Feature

South Africa: A return to the days of censorship

The “increasingly remote” African National Congress party drafted the bill so that anyone who exposes ANC corruption could face 25 years in prison, said Margie Orford at the Mail & Guardian.

Margie Orford
Mail & Guardian

South Africa is about to take a giant step back to the bad old days, said Margie Orford. Under the apartheid government, journalists and novelists were often jailed for what they said or wrote, particularly anything “they revealed about the injustices perpetrated by the state on its people.” Last week, the lower house of Parliament passed a bill on state secrets that once again criminalizes such reporting.

Embarrassed by a raft of abuse-of-power cases, the ruling but “increasingly remote” African National Congress party, which “has much to hide,” drafted the bill so that anyone who exposes ANC corruption could face 25 years in prison. If this bill is passed by the upper house and becomes law, as is likely, it will mean a “return to the brutal forms of censorship, state control, and bullying” that we shed not two decades ago.

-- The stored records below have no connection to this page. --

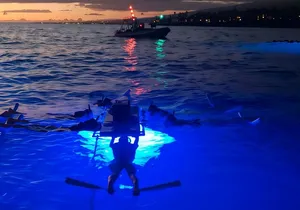 Kona Manta Night Snorkel: Swim with Mantas, Small Group (6 max)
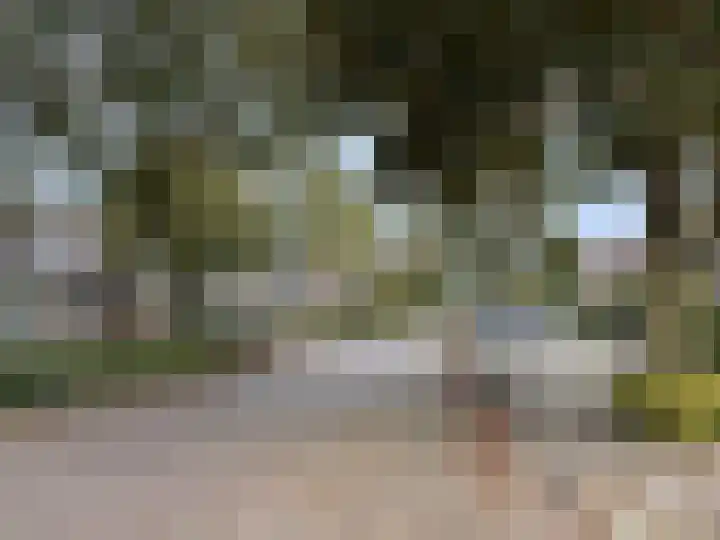 De Helt 2 Tuitjenhorn thumbnail 17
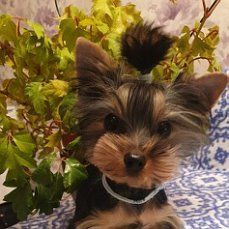 Yorkshireterrier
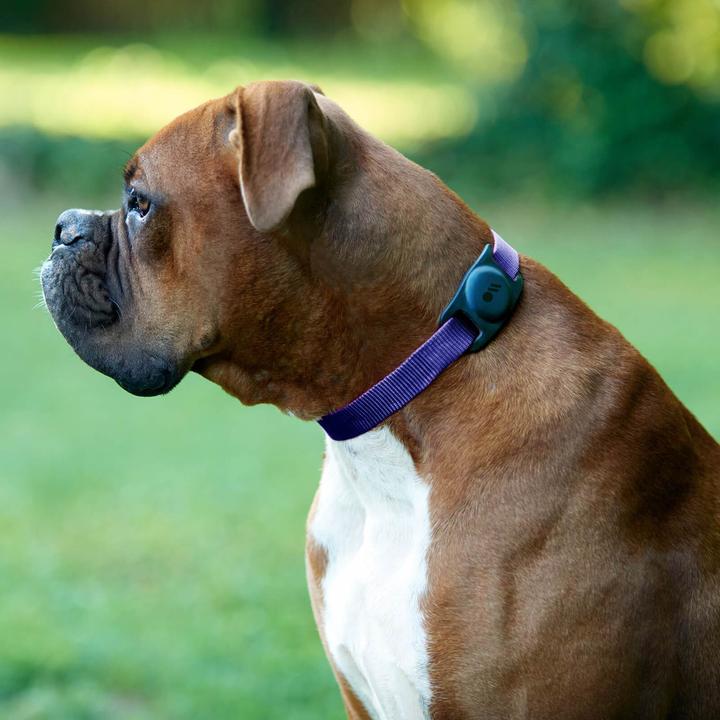 Produktbild Case-Mate AirTag Dog Collar Mount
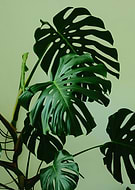 2025-11-17/c504c05f-cbb7-4077-b477-3681fc8db69c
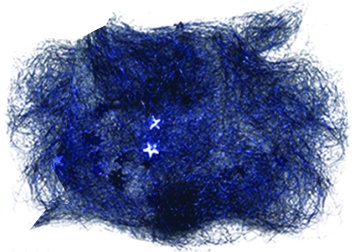 [RF1204-B] 20cm Angel Hair w/ Stars - Blue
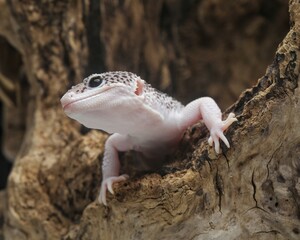 lizard on a white background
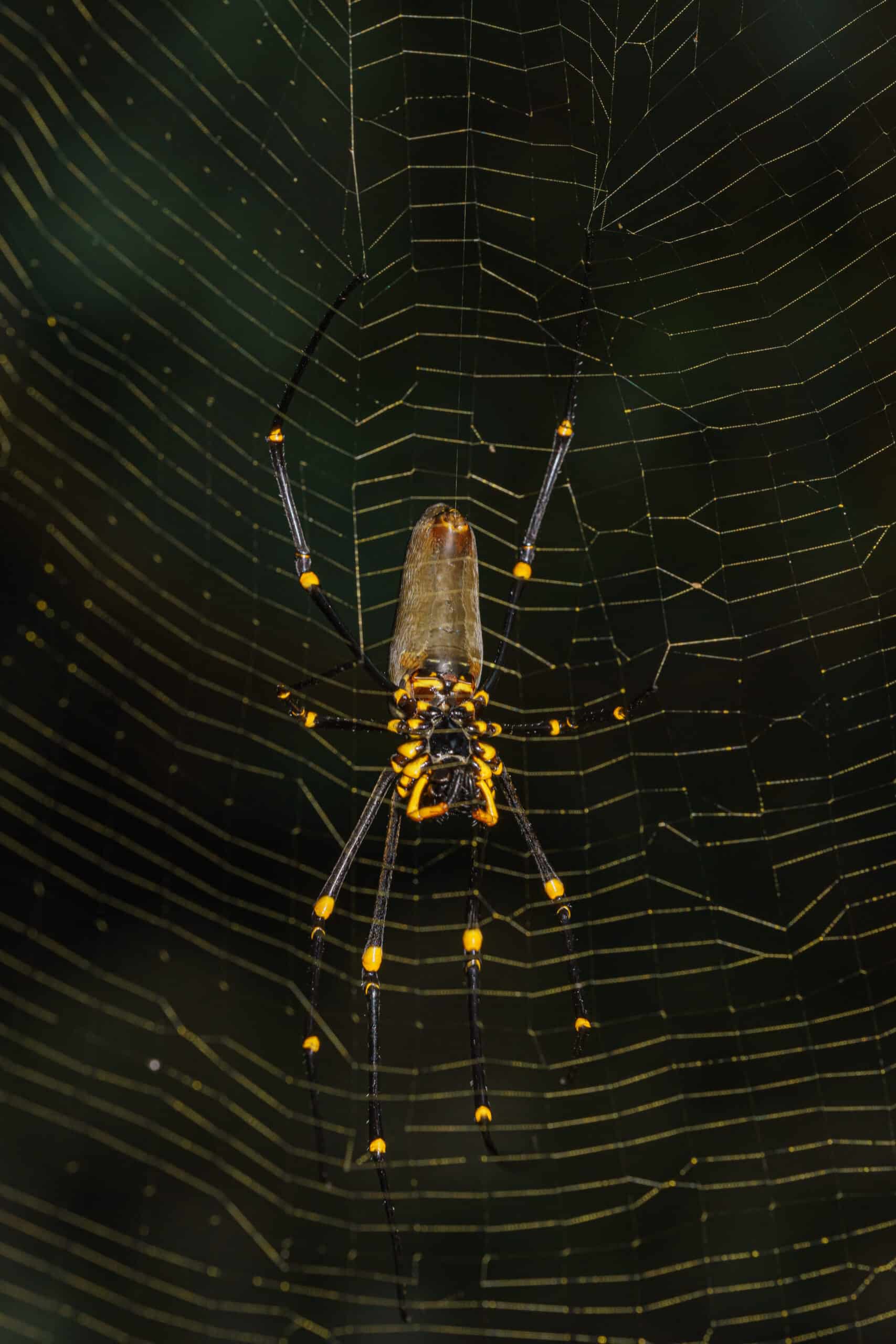 Get Rid of Spiders in North Carolina and South Carolina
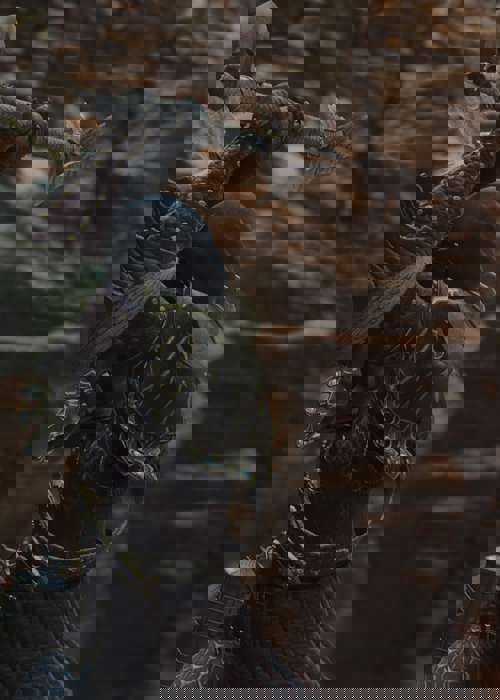 Best Mystic Spearhand build in Dragon's Dogma 2, including skills & weapons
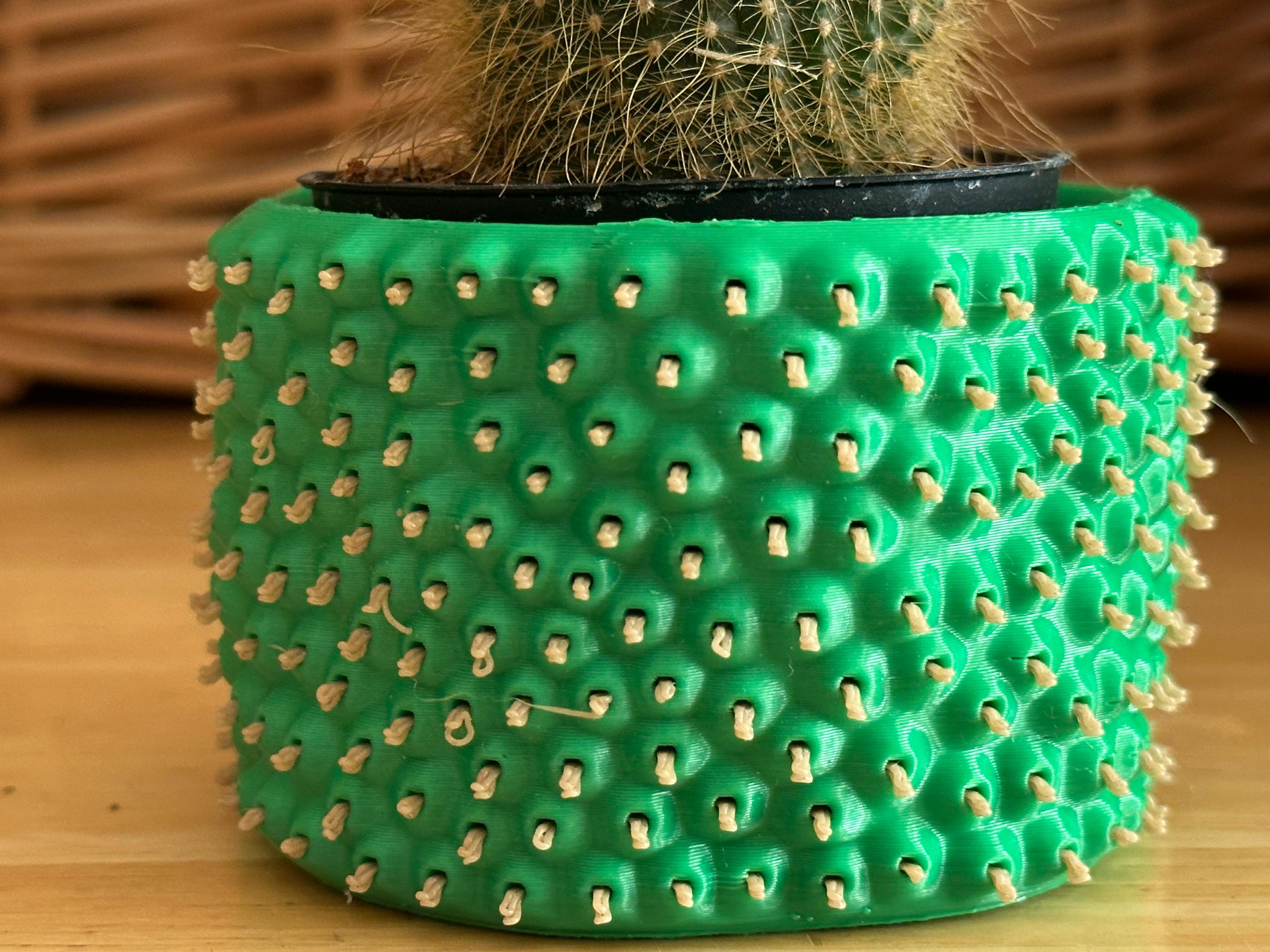 Cactus Container 3d model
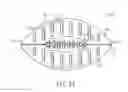 Fig. 22 - Game ball having optimally positioned grooves and/or ridges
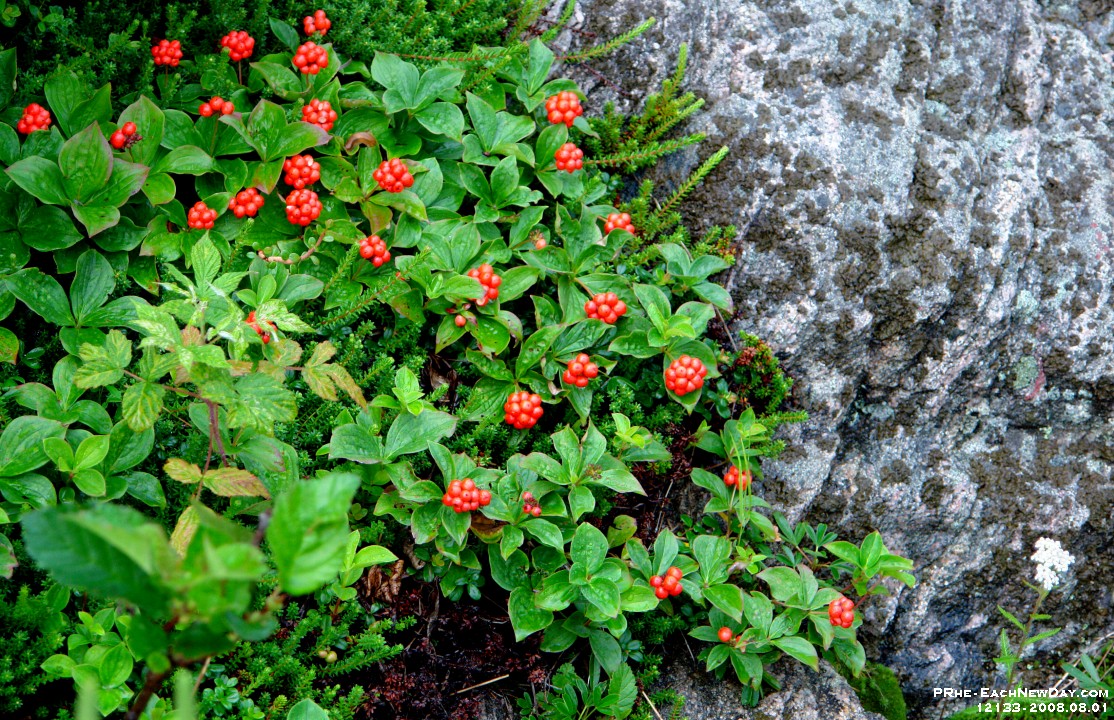 12133CrLeSh - Lighthouse trail, west of Tadoussac on 138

Fortunately, South Africans are not sitting passively. Not only journalists, but trade unionists, opposition legislators, and thousands of ordinary citizens have demonstrated against the secrecy bill, and many constitutional scholars believe it may be struck down by the constitutional court. Let’s hope so. Because the secrecy bill is “a jackboot directed at the face” of human rights in our young democracy.